Transcribe the data verbatim and drop its images.

■ **Caption-style text data**
- - - -

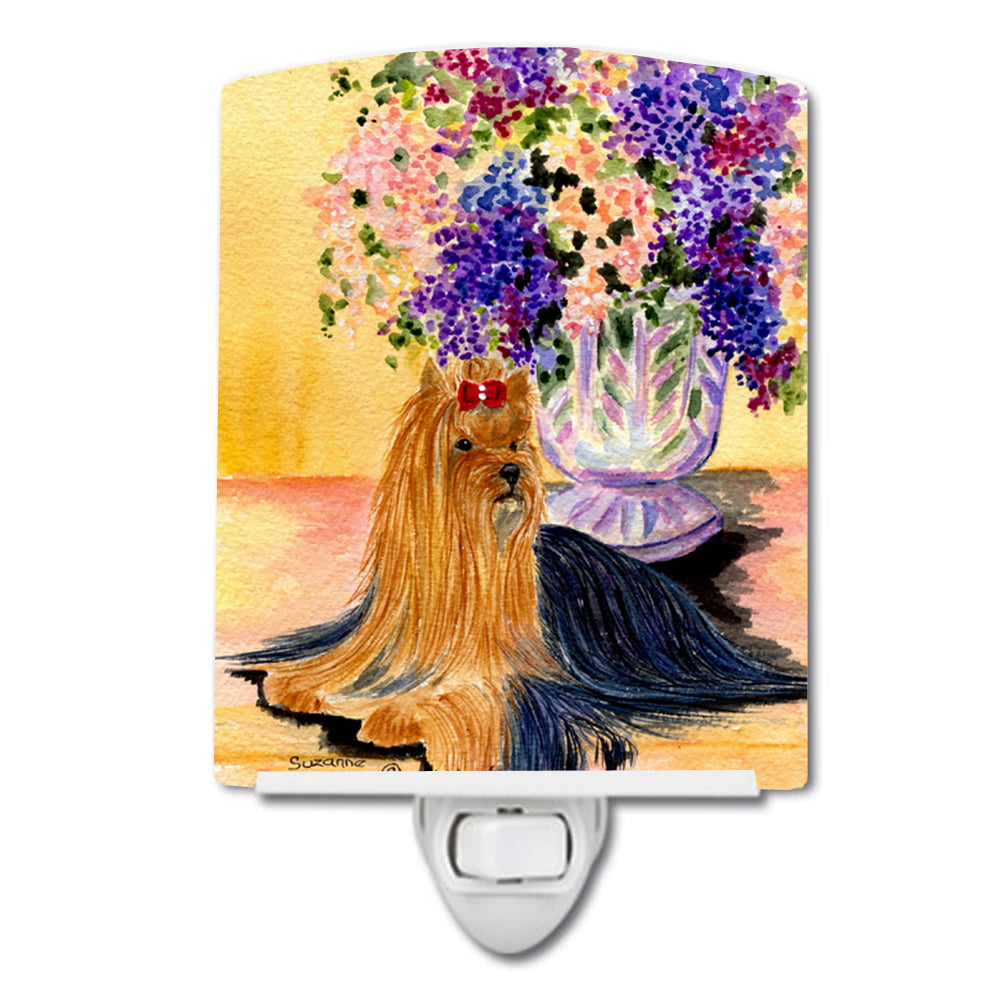 SS8304CNL Yorkie Ceramic Night Light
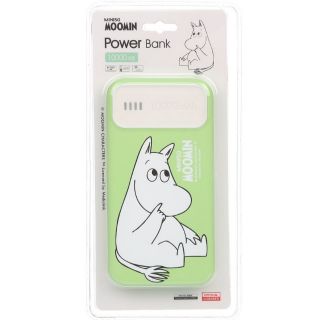 🔺พร้อมส่ง🔺 แบตเตอรี่สำรอง Moomin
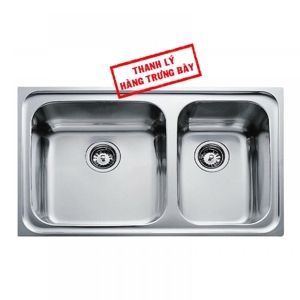 Chậu rửa Teka classic 860.500.2B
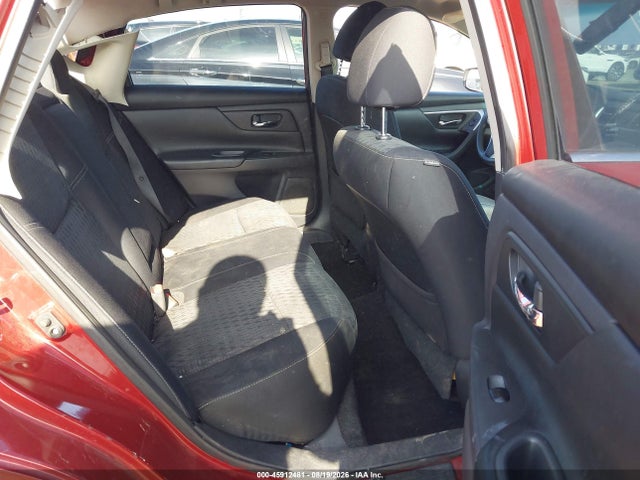 Nissan Altima 2.5 S 2016 1N4AL3APXGN356869 Image 8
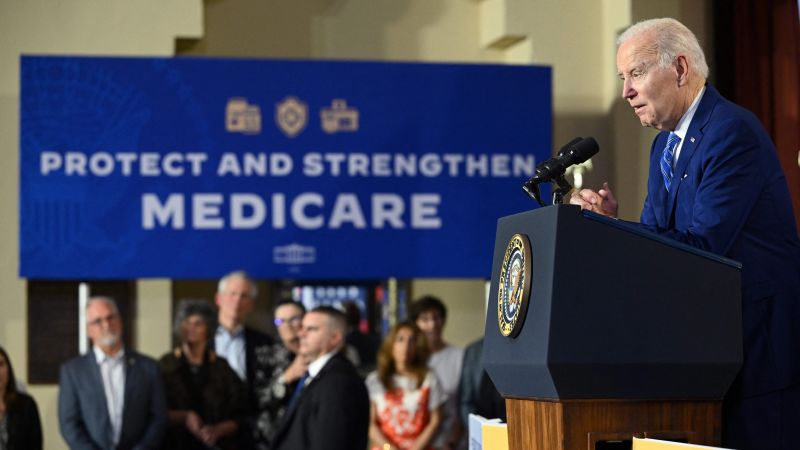 Biden administration finalizes rule to target 'misleading' Medicare Advantage ads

- - - -

■ **Written solution**
 SS8304CNL Yorkie Ceramic Night Light
 🔺พร้อมส่ง🔺 แบตเตอรี่สำรอง Moomin
 Chậu rửa Teka classic 860.500.2B
 Nissan Altima 2.5 S 2016 1N4AL3APXGN356869 Image 8
 Biden administration finalizes rule to target 'misleading' Medicare Advantage ads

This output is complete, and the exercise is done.